I save a lot of money on all my tooth extractions by engaging in street fights..
It’s almost that time of night where I drunk text my ex “I have to tell you something” then shut my phone off.
The First Step in AAA is admitting your car has a problem.
god’s mom: clean your room or i’m throwing away those toys
god: moooom, they’re not toys. they’re dinosaurs!
Baby elephants migrate hundreds of miles to find water. My 6 year old is lying on the floor of the mall because I made him walk from the car
Not all heroes wear capes…
The rose petal scene from American Beauty, but just me naked and covered in candy wrappers.
People just like to argue.
People: No we don’t
teacher: what would you like to do when you grow up?
Edgar: *shrugs*
teacher: Poe, try
Where do surfers learn to surf?
At boarding school.
Meanwhile in Heaven…
Steve Jobs: [demonstrating device] You can listen to hymns, download prayers, create prayerlists, and manage your souls. I call it the iGod.
Husband: [shrugs] I just feel sexier when I leave a little landing strip.
Wife: Finish mowing the damned yard.
AUSTRALIAN: Didgeridoo?
ME: No, I was happy with my first try.
Husband: Why are you whispering?
Me: because I’m wearing spanx and i can’t breathe or feel my hands or feet much less speak in a normal voice
Husband: I don’t know why you wore those it didn’t even make that much difference.
Me: I WILL KILL YOU WITH MY BARE HANDS
me:[opens mouth, a bunch of nickels fall out]
date:
me:to answer ur question i was “being quiet” so the nickels wouldnt fall out of my mouth
When Canadian Girl Scouts come to sell you cookies, you goddam buy cookies.
Him: Baby imma call you back, im in the middle of a shootout.
Her: Yea w.e, tell that bitch I said she can have you.
Why didn’t I marry a hairdresser or a baker.

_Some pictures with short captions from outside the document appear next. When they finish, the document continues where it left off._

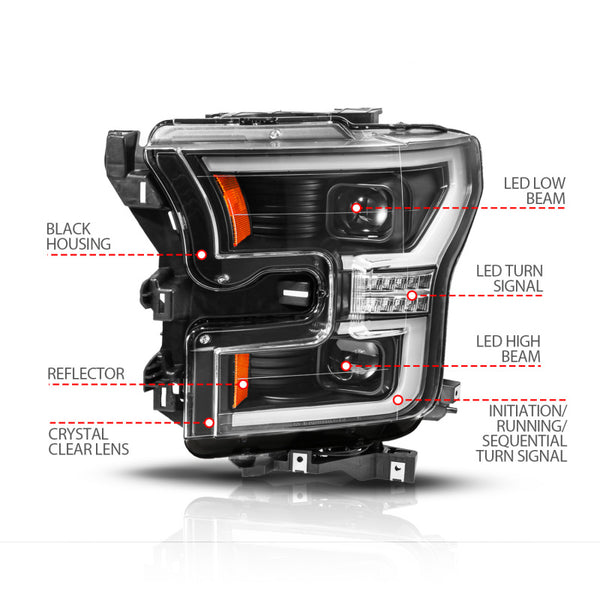 ANZO 15-17 Ford F-150 (Factory Halogen Model ONLY) Full LED Proj Headlights  Init/SeqSig Black- Pair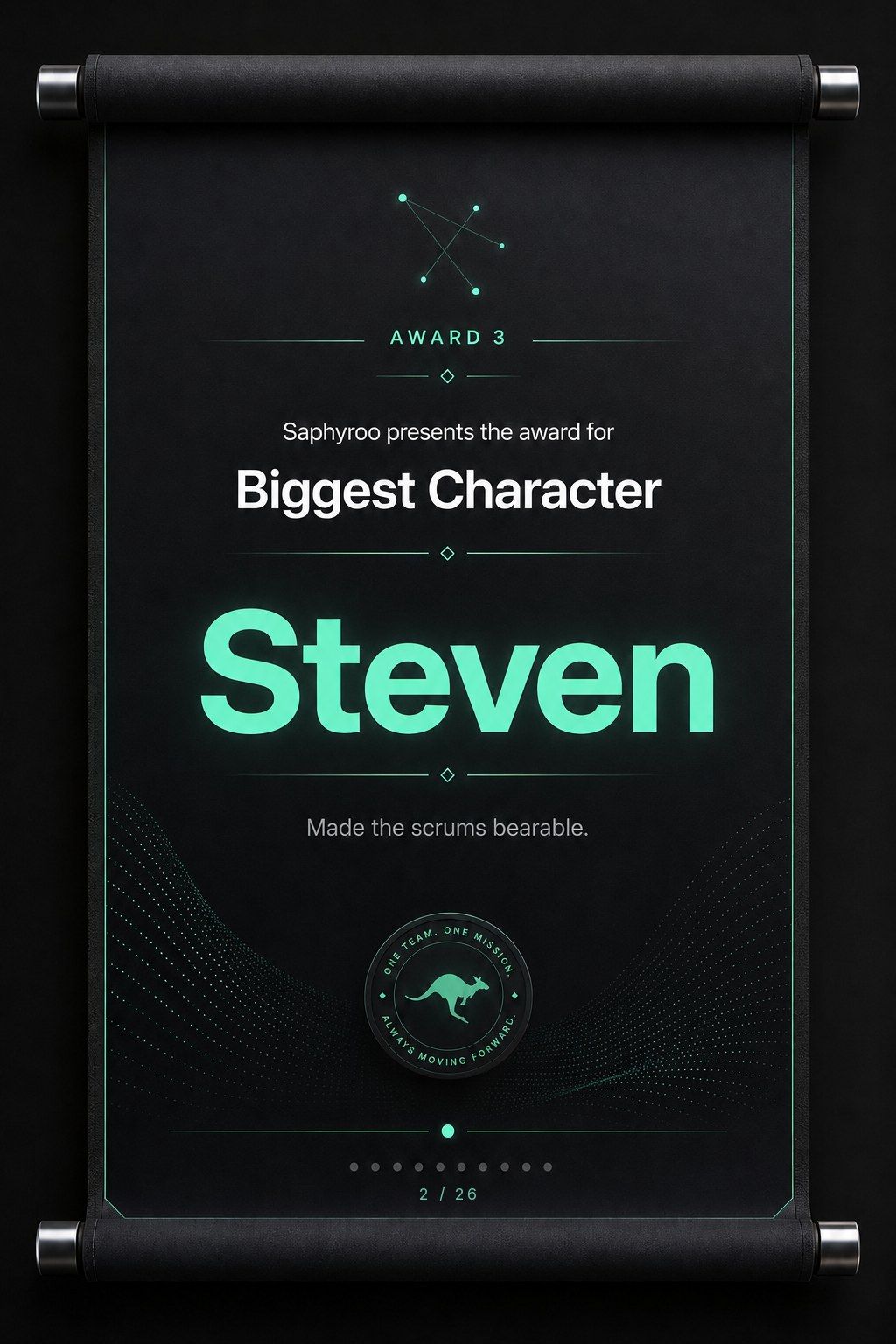 Saphyroo award scroll: Award 3, Biggest Character, Steven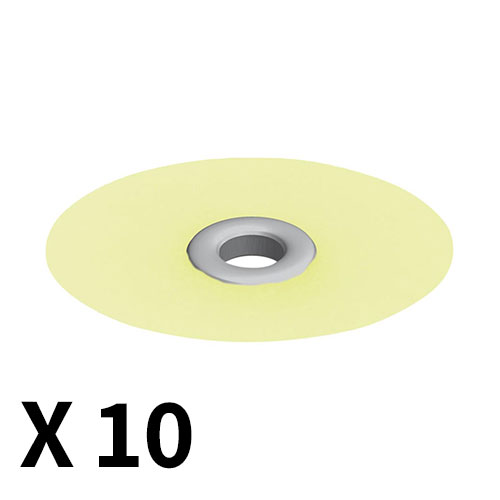 דיסקיות לטש גמישות D10*0.14 (על בסיס פלסטיק) צהובות עדינות מארז 10 יחידות / EVE גרמניה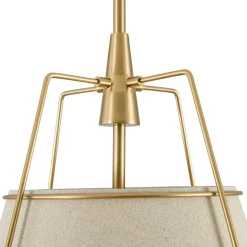 Modern Linen Conical Drum Cage Pendant Light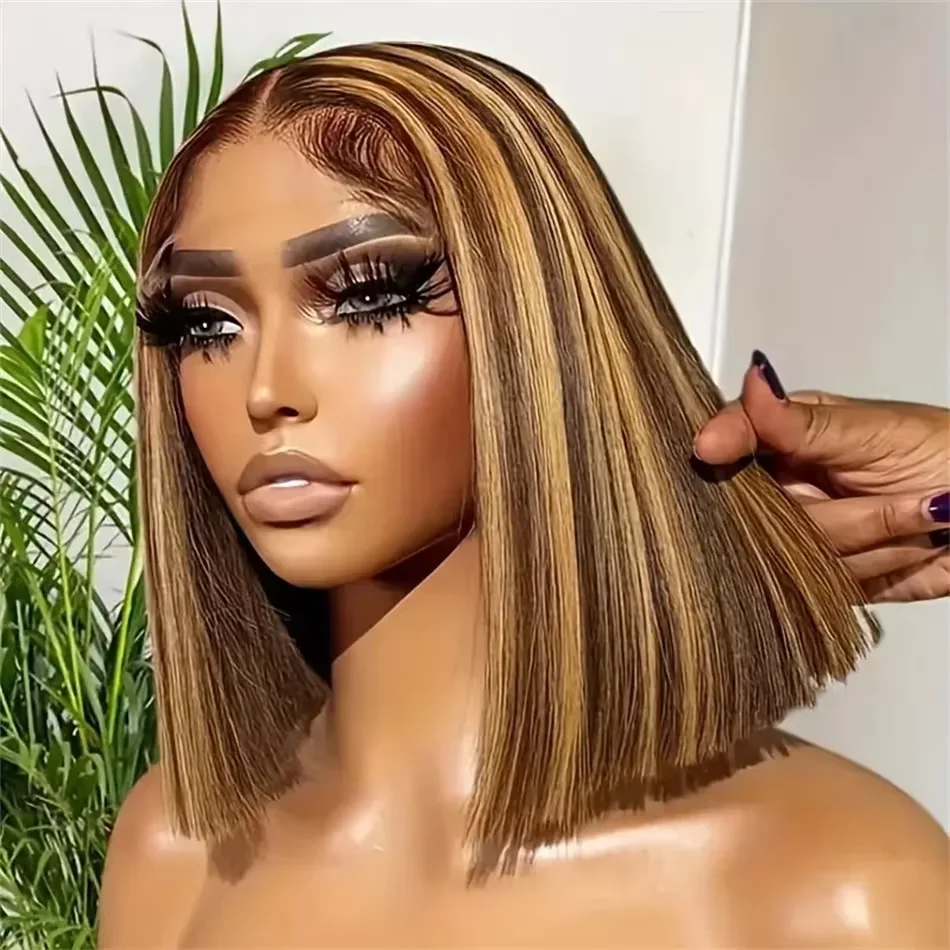 13x4 transparente Lace-Frontal-Perücke, 100 % Echthaar, 200 % Dichte, Highlight-Braun, kurzer Bob, gerade Perücken, HD-Lace-Front-Perücken, blond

I did not think this through.
I bet the only thing more stressful than defusing a bomb is letting your husband pack for a big trip.
My coworker’s out here matching her water bottles to her clothes and I don’t even match my clothes to my clothes.
Interviewer: If we hire you, where do you hope to be in five years?
Me: On paid administrative leave.
This guy just told me I have beautiful eyes.
Well, he said they were pretty…
Ok, he said “Healthy & no change since your last visit.”
[at hair salon]
Her (holding up mirror): Look good?
Me: Looks great!!![in car two minutes later]
Me (looking in mirror): wtf did she do to my hair
My wife puts her pants on just like everyone else, but when she gets one leg in I push her over while she’s off balance.
not a day goes by that i don’t think about dying and then accidentally getting sent to squirrel heaven
I was waiting for my wife to try on clothes & spoke to this woman for almost 20 minutes until I looked up & noticed her head was missing.
asian women will be in palo alto pushing a $5000 stroller holding a birkin wearing 2-3 cartier bracelets having a 5 carat diamond ring wearing chanel sunglasses and some blonde woman wearing yoga pants at the grocery store will be like are you the nanny
I have two selves:
One wants to be skinny and my jeans to fit. The other is a fat, hungry monster who would murder her own grandmother for a butterfinger.